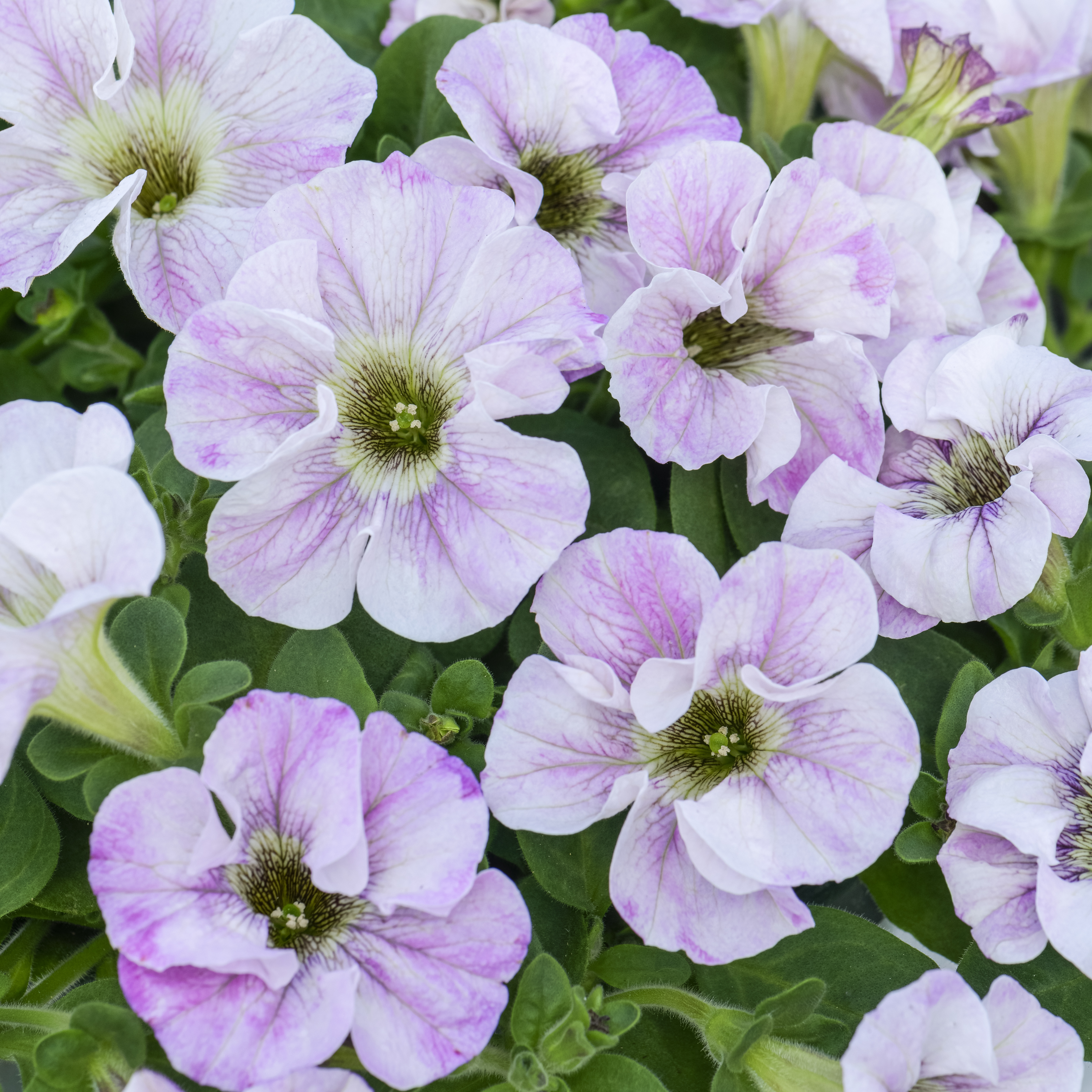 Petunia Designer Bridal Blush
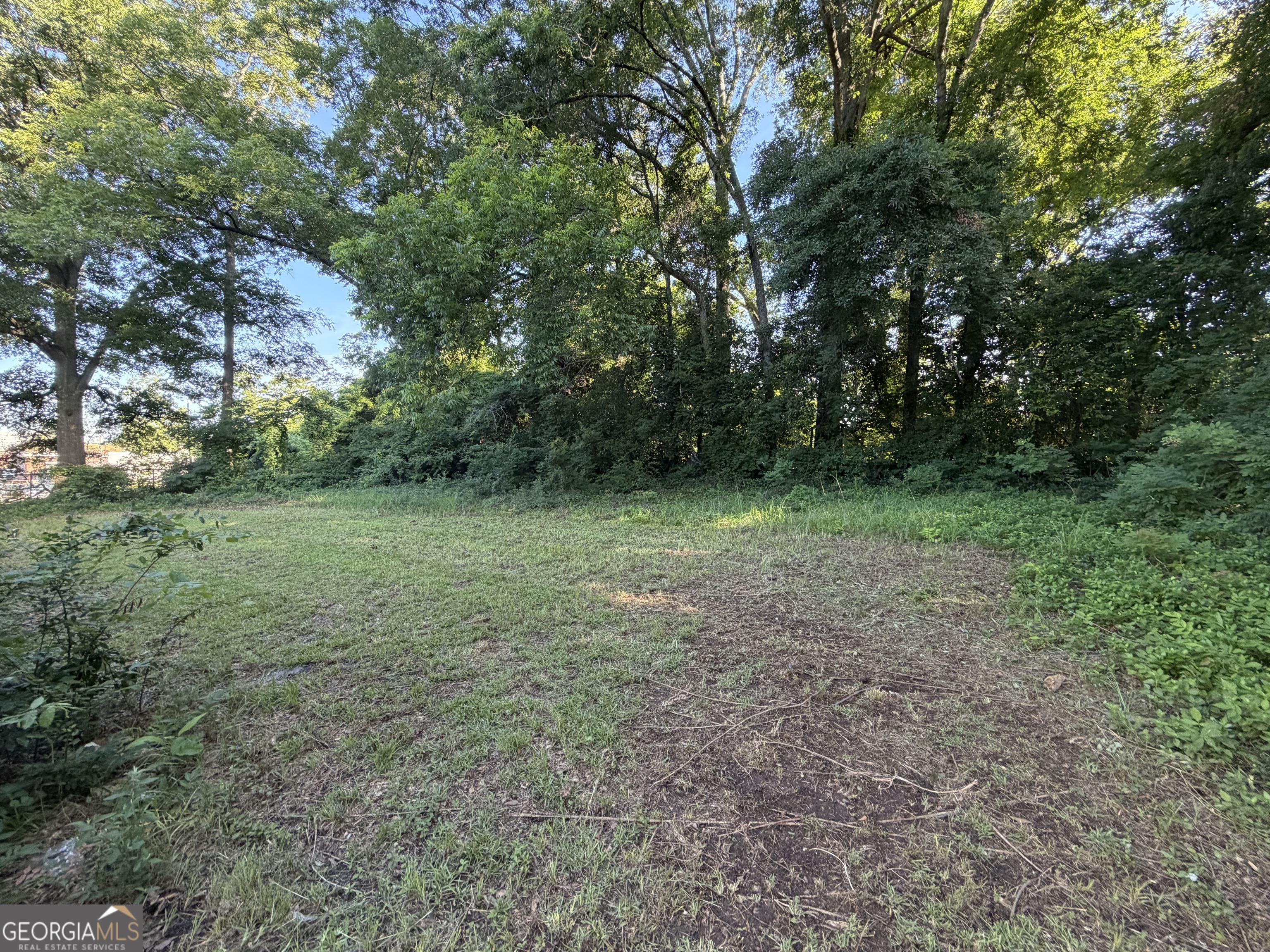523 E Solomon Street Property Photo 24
# # # # #
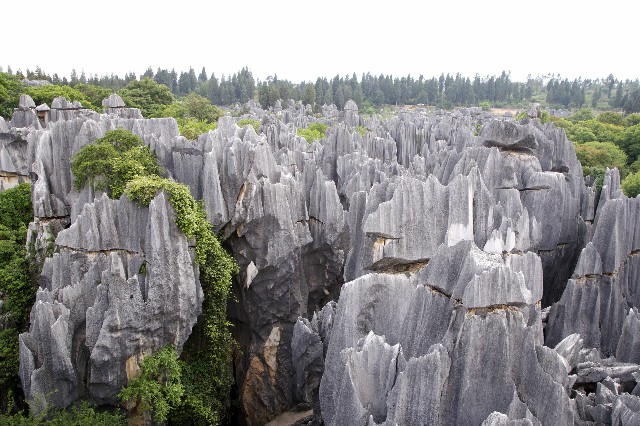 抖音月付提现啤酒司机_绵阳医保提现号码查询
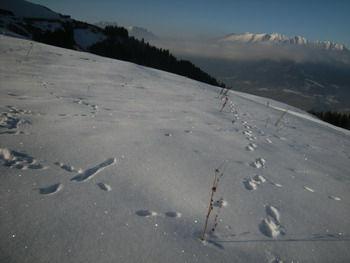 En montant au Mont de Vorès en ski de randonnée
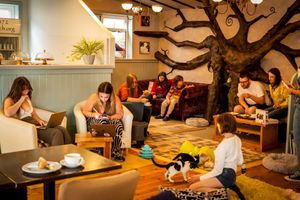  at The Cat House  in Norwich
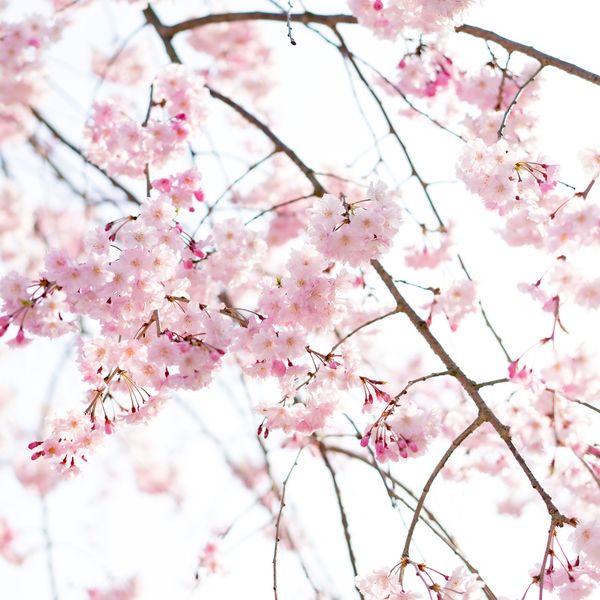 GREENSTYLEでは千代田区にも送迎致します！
# # # # #
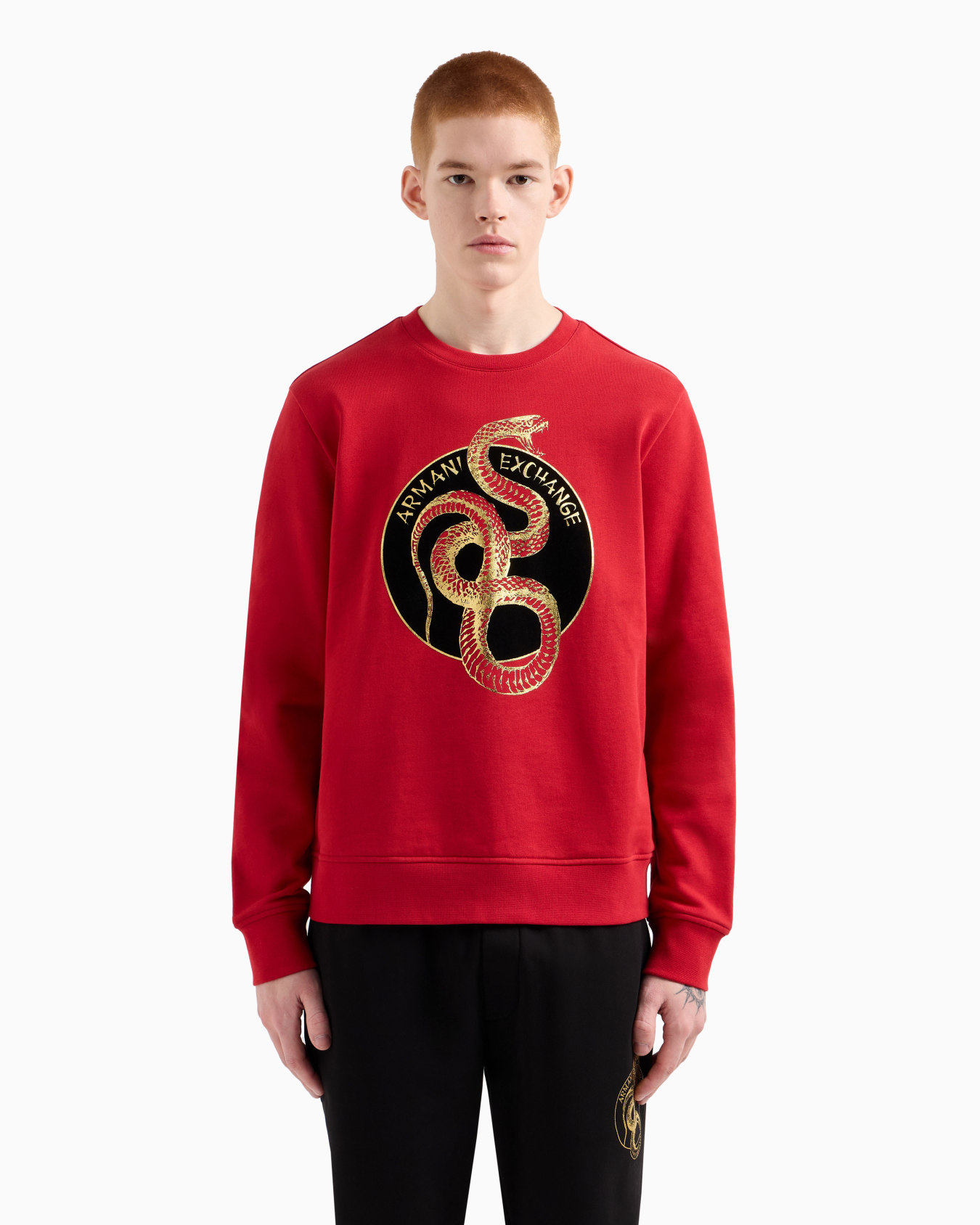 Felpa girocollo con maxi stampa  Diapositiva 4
# # # # #
**Exercise requirements**
Look above for the line with "Petunia Designer Bridal Blush", then print it and each line after it down to and including the line with "523 E Solomon Street Property Photo 24". Leave out the pictures and keep the wording exact.

**Output for this task**
 Petunia Designer Bridal Blush
523 E Solomon Street Property Photo 24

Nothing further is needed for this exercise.